---------- Data for analysis

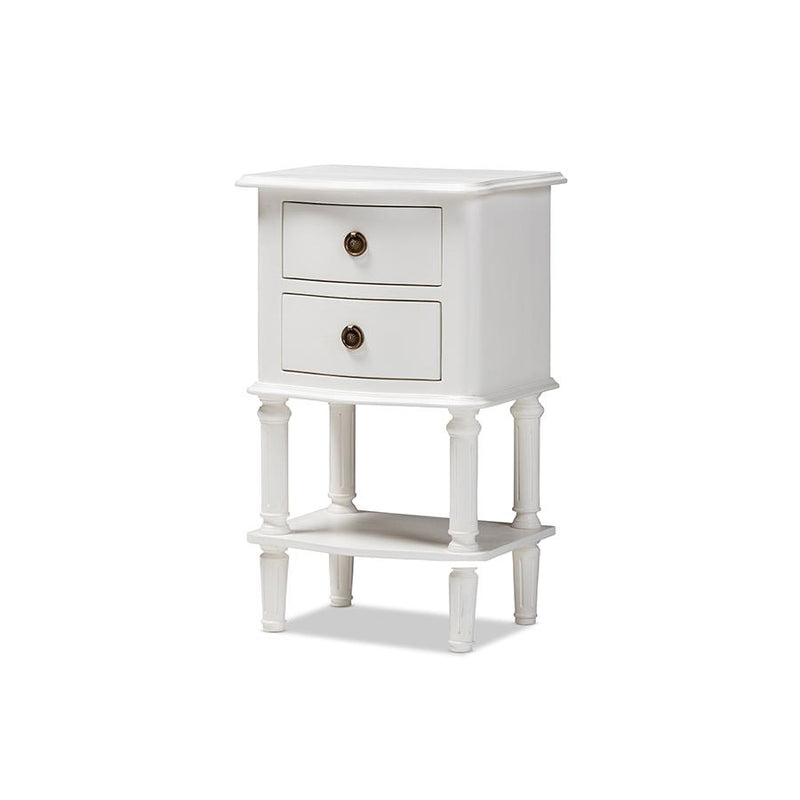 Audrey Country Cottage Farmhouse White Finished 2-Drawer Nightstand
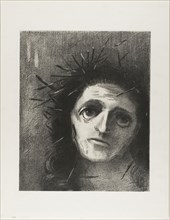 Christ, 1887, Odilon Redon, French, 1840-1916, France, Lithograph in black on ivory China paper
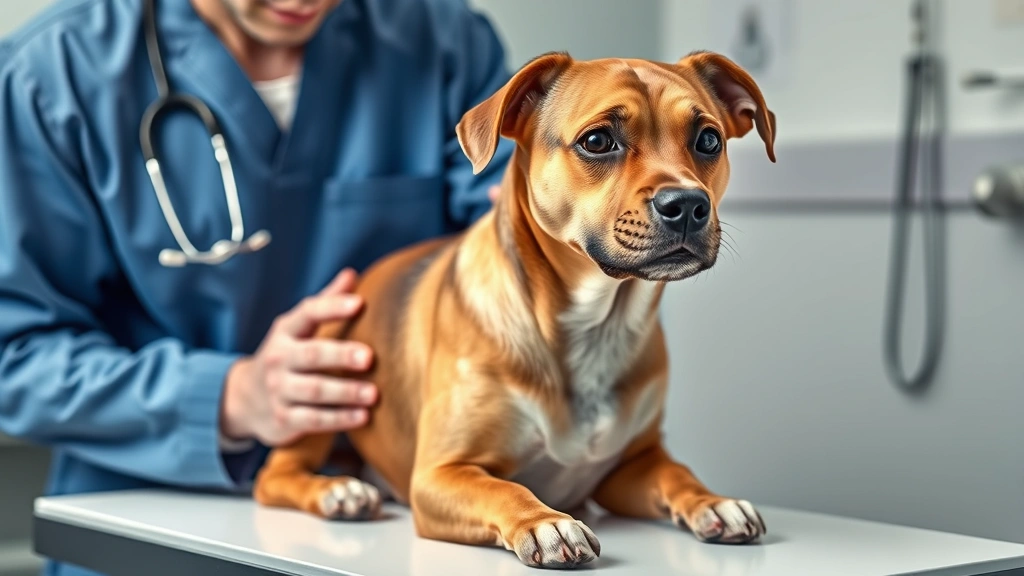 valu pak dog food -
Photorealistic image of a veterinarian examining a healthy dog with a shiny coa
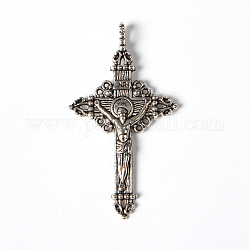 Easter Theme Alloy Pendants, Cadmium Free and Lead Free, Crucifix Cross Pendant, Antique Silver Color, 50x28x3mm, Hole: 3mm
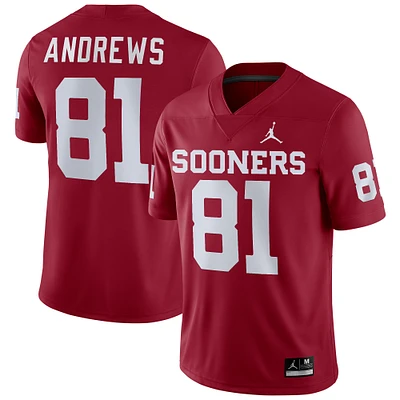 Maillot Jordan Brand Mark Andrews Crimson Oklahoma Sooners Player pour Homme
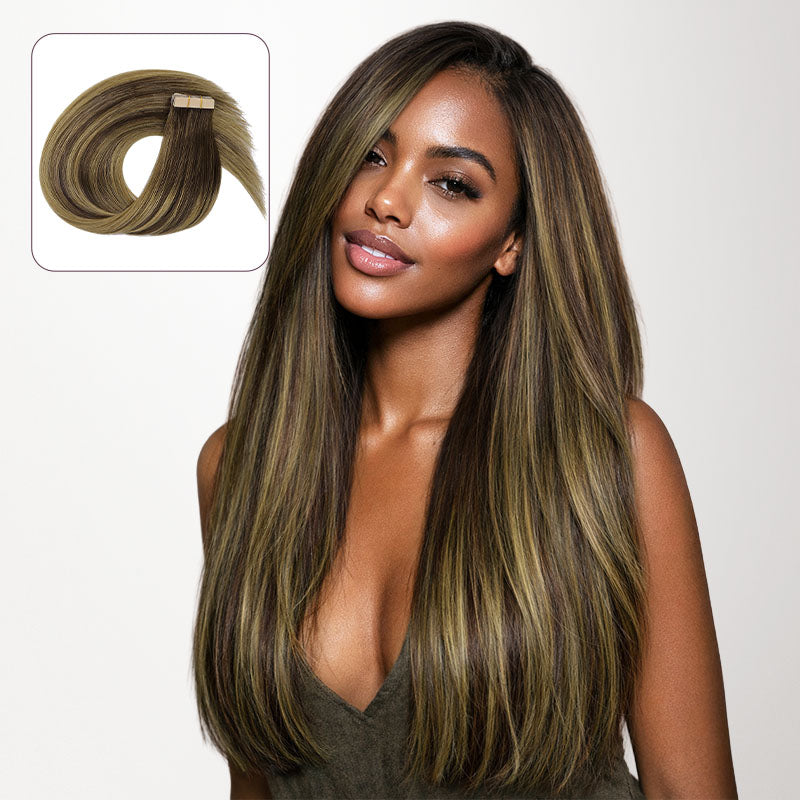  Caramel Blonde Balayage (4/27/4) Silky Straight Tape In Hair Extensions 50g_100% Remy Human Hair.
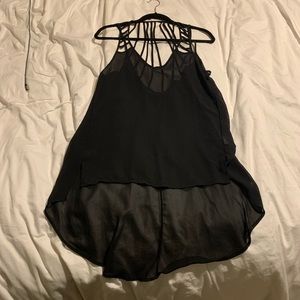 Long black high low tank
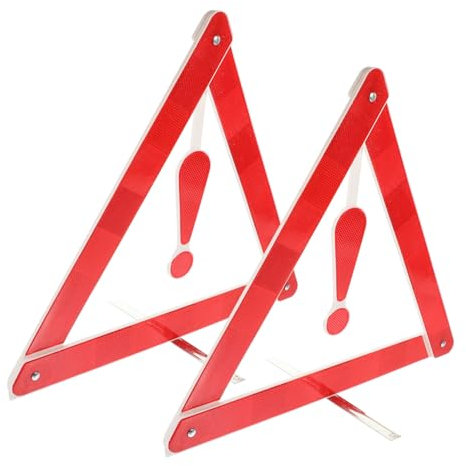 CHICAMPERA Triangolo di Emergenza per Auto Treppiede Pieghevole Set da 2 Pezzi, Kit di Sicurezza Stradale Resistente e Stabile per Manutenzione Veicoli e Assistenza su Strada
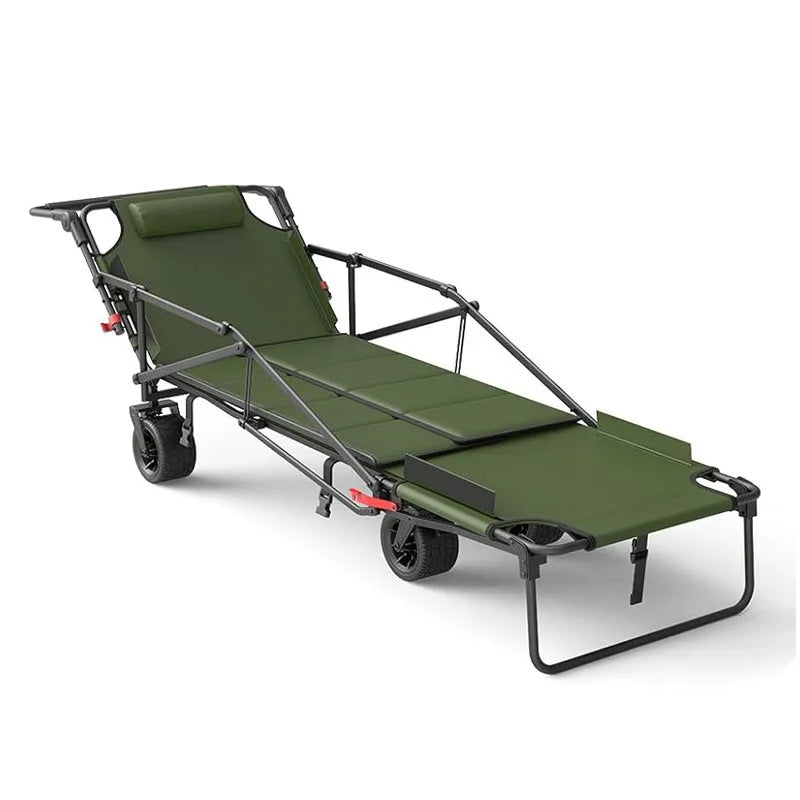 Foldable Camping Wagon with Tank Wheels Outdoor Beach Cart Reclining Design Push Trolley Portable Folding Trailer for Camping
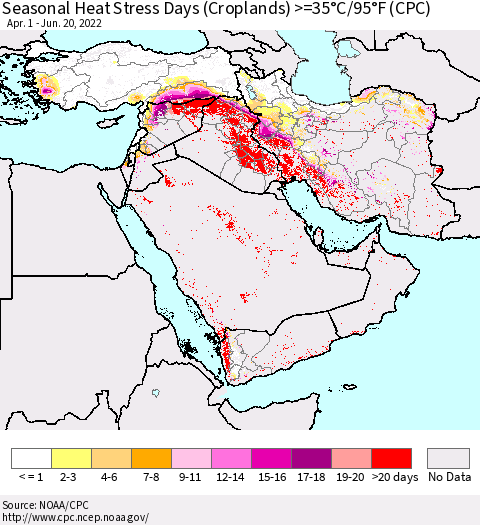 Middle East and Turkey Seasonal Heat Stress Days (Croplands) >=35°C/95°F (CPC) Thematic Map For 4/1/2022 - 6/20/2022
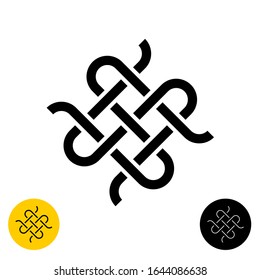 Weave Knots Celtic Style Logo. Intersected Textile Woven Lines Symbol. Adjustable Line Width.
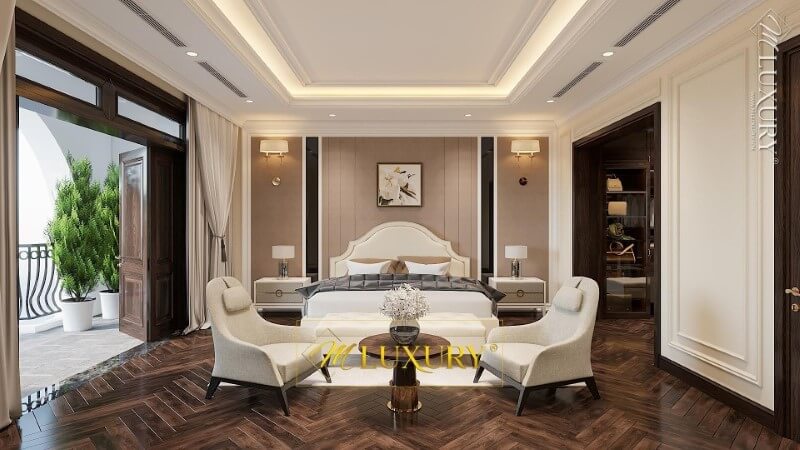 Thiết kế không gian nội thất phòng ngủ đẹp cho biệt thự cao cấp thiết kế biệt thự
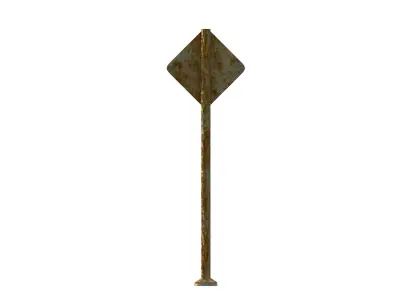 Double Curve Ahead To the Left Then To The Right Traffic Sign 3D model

--------------------

_Prompt_
Take the records above and transcribe them exactly, dropping every picture.

_Expected output_
 Audrey Country Cottage Farmhouse White Finished 2-Drawer Nightstand
 Christ, 1887, Odilon Redon, French, 1840-1916, France, Lithograph in black on ivory China paper
 valu pak dog food -
Photorealistic image of a veterinarian examining a healthy dog with a shiny coa
 Easter Theme Alloy Pendants, Cadmium Free and Lead Free, Crucifix Cross Pendant, Antique Silver Color, 50x28x3mm, Hole: 3mm
 Maillot Jordan Brand Mark Andrews Crimson Oklahoma Sooners Player pour Homme
  Caramel Blonde Balayage (4/27/4) Silky Straight Tape In Hair Extensions 50g_100% Remy Human Hair.
 Long black high low tank
 CHICAMPERA Triangolo di Emergenza per Auto Treppiede Pieghevole Set da 2 Pezzi, Kit di Sicurezza Stradale Resistente e Stabile per Manutenzione Veicoli e Assistenza su Strada
 Foldable Camping Wagon with Tank Wheels Outdoor Beach Cart Reclining Design Push Trolley Portable Folding Trailer for Camping
 Middle East and Turkey Seasonal Heat Stress Days (Croplands) >=35°C/95°F (CPC) Thematic Map For 4/1/2022 - 6/20/2022
 Weave Knots Celtic Style Logo. Intersected Textile Woven Lines Symbol. Adjustable Line Width.
 Thiết kế không gian nội thất phòng ngủ đẹp cho biệt thự cao cấp thiết kế biệt thự
 Double Curve Ahead To the Left Then To The Right Traffic Sign 3D model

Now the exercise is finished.